THIS OPINION HAS NO PRECEDENTIAL VALUE.  IT SHOULD NOT BE CITED OR RELIED ON AS PRECEDENT IN ANY PROCEEDING EXCEPT AS PROVIDED BY RULE 239(d)(2), SCACR.

THE STATE OF SOUTH CAROLINA
In The Court of Appeals

Delores D. Leonard, Appellant,

v.

Kershaw County, State of South Carolina, Respondent.


Appeal From Kershaw County
 James R. Barber, III, Circuit Court Judge


Unpublished Opinion No. 2007-UP-122
Submitted March 1, 2007 – Filed March 15, 2007   


AFFIRMED


Gerald F. Smith, of Columbia, for Appellant.

 J. Kennedy DuBose, Jr. and Jonathan M. Robinson, of Camden, for Respondent.

PER CURIAM: Delores Leonard, a former part-time magistrate for Kershaw County, appeals the circuit court’s dismissal of her action for unpaid wages pursuant to the Magistrates’ Pay Act.[1]  We affirm.[2]

FACTS

In 1996, Leonard began working as a part-time magistrate for Kershaw County, and she continued in this capacity until her resignation in April 2003. As a magistrate, Leonard worked twenty hours a week and was “on-call” seventy-nine hours per week.  Leonard wrote to the chief magistrate on September 15, 2000, requesting compensation for her “on-call” hours.  This letter from Leonard was followed by a letter to the Kershaw County Administrator from Leonard’s attorney, inquiring about Leonard’s claim for “on-call” hours’ compensation.  The County’s attorney responded by letter on January 22, 2003, explaining that after discussing the matter with the County Administrator and Chief Magistrate “it has been determined that Magistrate Delores D. Leonard is being appropriately compensated.”

In February 2003, Leonard filed an action for unpaid wages pursuant to the Payment of Wages Act,[3] alleging that the County failed to pay her for the time she spent “on-call.”  The County filed a motion to dismiss, which was granted.  A panel of our court affirmed the dismissal, finding Leonard should have filed her claim pursuant to the Magistrates’ Compensation Act because it provided the exclusive remedy for magistrates with disputes over wages.  Leonard v. Kershaw County, 2005-UP-164 (Ct. App. 2005).

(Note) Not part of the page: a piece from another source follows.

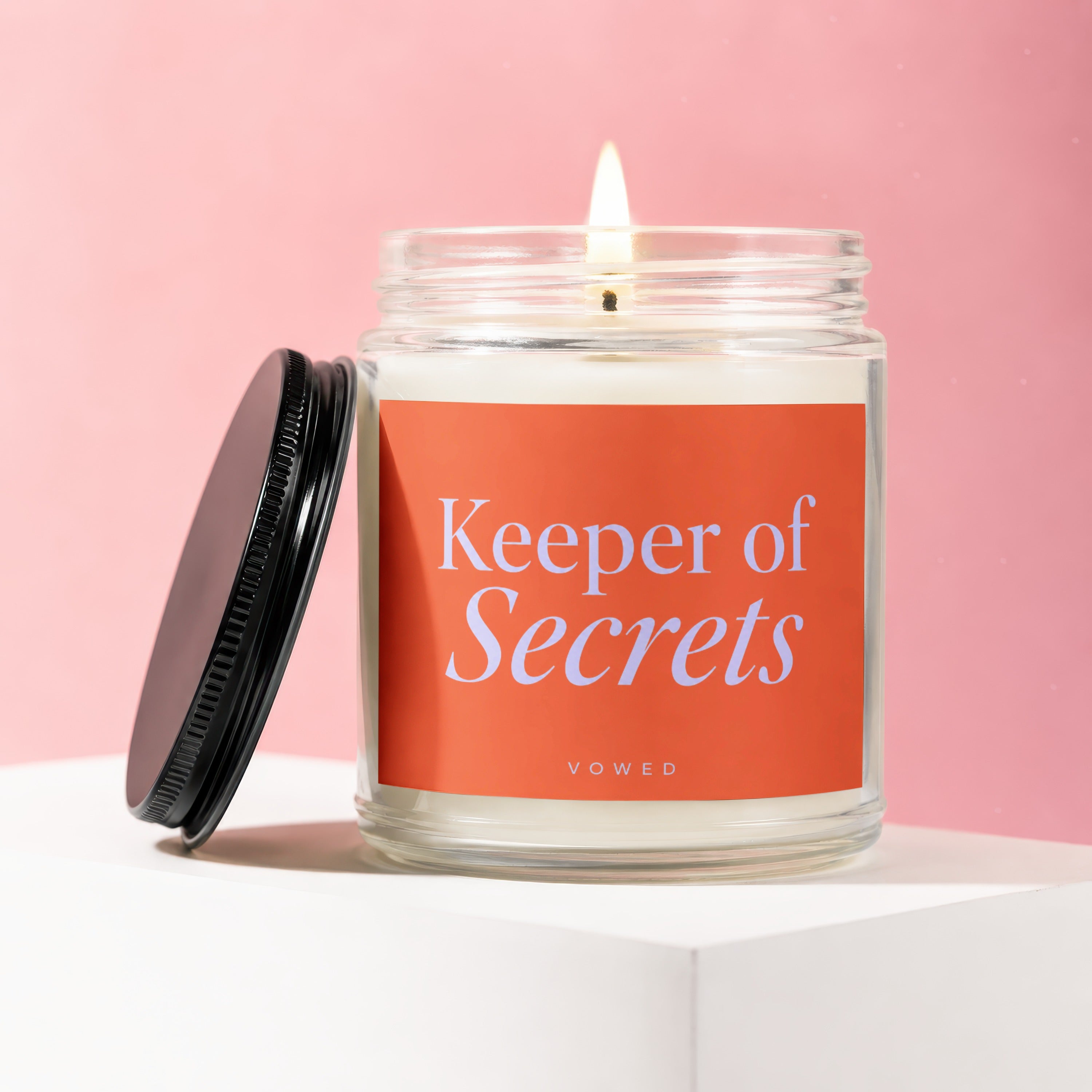 Glass jar candle with lit wick and orange label reading "Keeper of Secrets".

On July 15, 2004, while her case seeking relief pursuant to the Payment of Wages Act was pending, Leonard filed an action for unpaid wages pursuant to the Magistrates’ Pay Act.  The County again moved to dismiss the case, arguing Leonard failed to file for judicial review within thirty days of the County’s final decision pursuant to section 1-23-380 of the South Carolina Code.[4]  Leonard argued that the thirty-day period for judicial review had not yet begun because section 22-8-50(B) of the South Carolina Code requires that there first be a formal hearing. 

After a hearing on the matter, the circuit court found the January 22, 2003 letter from the County’s attorney denying Leonard additional compensation was the final decision of the County.  Because Leonard failed to request judicial review within thirty days of that letter, the circuit court granted the County’s motion to dismiss. 

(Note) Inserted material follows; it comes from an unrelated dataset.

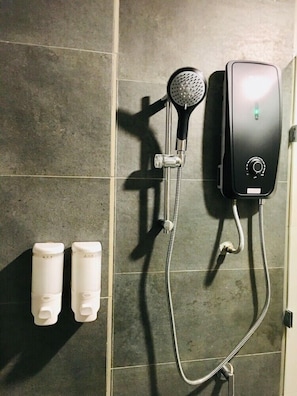 A shower area with a handheld showerhead, a wall-mounted control panel, and two white soap dispensers. - Enclave Business Hotel (Putrajaya)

Leonard filed a Rule 59(e) motion, arguing the circuit court failed to rule on whether Leonard received a hearing pursuant to section 22-8-50(B) of the South Carolina Code.  The circuit court denied the motion to reconsider.  This appeal followed.

LAW/ANALYSIS

Leonard argues she is entitled to a hearing pursuant to section 22-8-50(B) of the South Carolina Code, and because she has not been afforded this hearing, the circuit court erred in dismissing her action as untimely.  We disagree.

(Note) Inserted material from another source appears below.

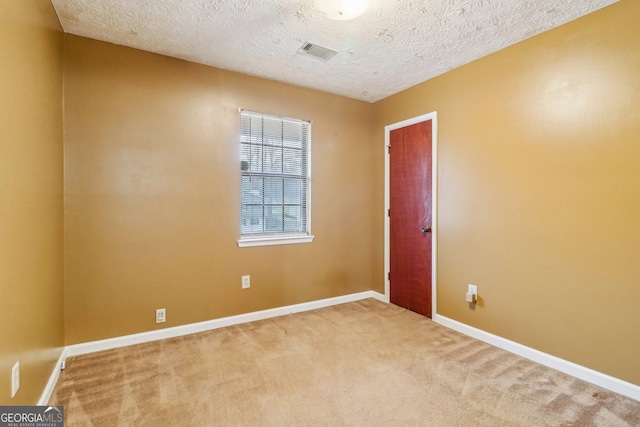 unfurnished room featuring carpet floors, baseboards, visible vents, and a textured ceiling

Section 1-23-380 of the South Carolina Code requires that review of the County’s decision be “instituted by serving and filing notice of appeal . . . within thirty days after the final decision of the agency . . . .”  The thirty day timeline is triggered, not by when or whether a hearing was held, but by the issuance of a final decision. 

In Cox v. County of Florence, 337 S.C. 340, 523 S.E.2d 776 (1999), three part-time magistrates sued Florence County for wages they claimed to have earned while working extra hours.  Florence County denied the magistrates relief in a letter.  Id. at 344, 523 S.E.2d at 778.  On appeal, our supreme court found this letter, which provided the magistrates with written notice of Florence County’s decision, triggered the thirty-day period during which the magistrates could seek judicial review of Florence County’s decision.  Id.

Here, Leonard received written notice of the County’s decision in January 2003. She did not file this action until July 2004, well outside the thirty-day window for seeking judicial review.  Accordingly, the order of the circuit court is

AFFIRMED.

HEARN, C.J., and GOOLSBY and STILWELL, JJ., concur.


[1] South Carolina Code § 22-8-10, et seq.

[2] We decide this case without oral argument pursuant to Rule 215, SCACR.

[3] South Carolina Code § 41-10-10, et seq.

[4] This code section is part of the South Carolina Administrative Procedures Act.